DSD’s behaviour is much much much worse when she is with her mum. I think her mum (as lovely as she is) lacks boundaries but also seems to really really struggle to understand that demand avoidant children need to have the demands in their environment reduced radically in order to function and not be in a state of intense anxiety (hence self harm, fight, flight, freeze responses)
School have agreed to take DSD back on a part time basis (every day for 2 lessons) so we will see how that goes.
DSD has been very nice today, playing beautifully with DD (always with one of us parents present)
But she has done all sorts of lovely things like set up a treasure hunt for DD, player with her on a trip out to the farm park, been jovial and almost sociable!

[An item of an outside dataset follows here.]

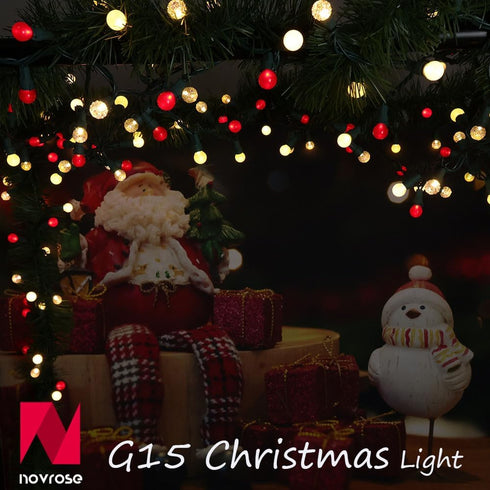 G15 70 19FT Red and White Christmas Lights Outdoor Pearlized Glass LED Mini Globe String Lights for Christmas Tree
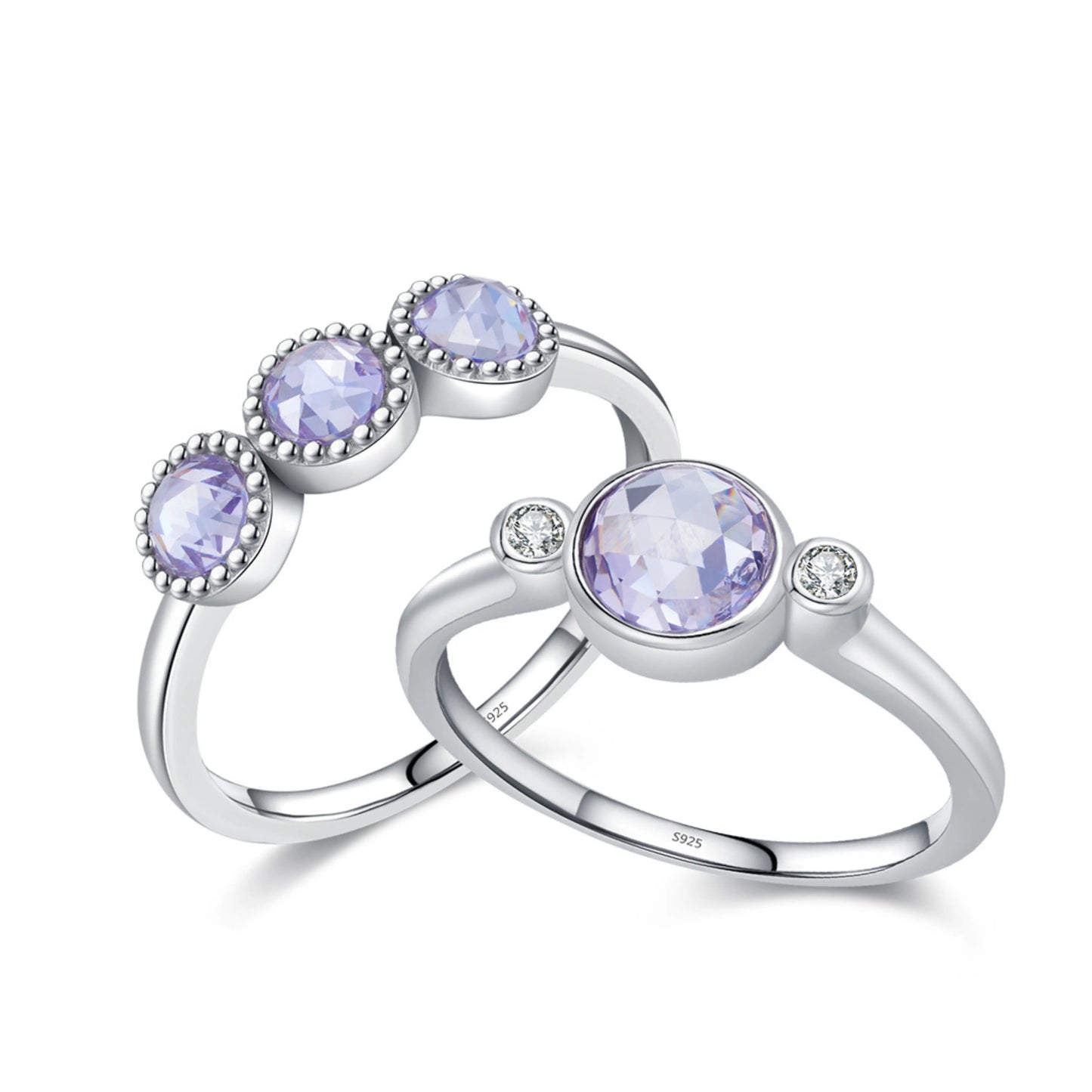 Purple Rose Cut Zirconia Rings - MARCOSELLE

This^ is the DSD I remember pre-puberty. Maybe her hormones are making her worse.
But most of the very very hairy times with DSD have happened at her mum’s house. She needs boundaries (very consistent) but also a low demand environment.
I had it out with DH last night about how all the trauma lately has been making me feel and he empathised, apologised and was lovely.
I will always protect my DD to the Max (hence why there are locks on everything including to the door that leads to DD’s room and the other side of the house. DSD can’t get to sharps, chemicals, tools, matches, belts, cords etc because they’re all padlocked away.
For now I’m still very very vigilant around her but a bit calmer than before.
Thanks for all of your advice.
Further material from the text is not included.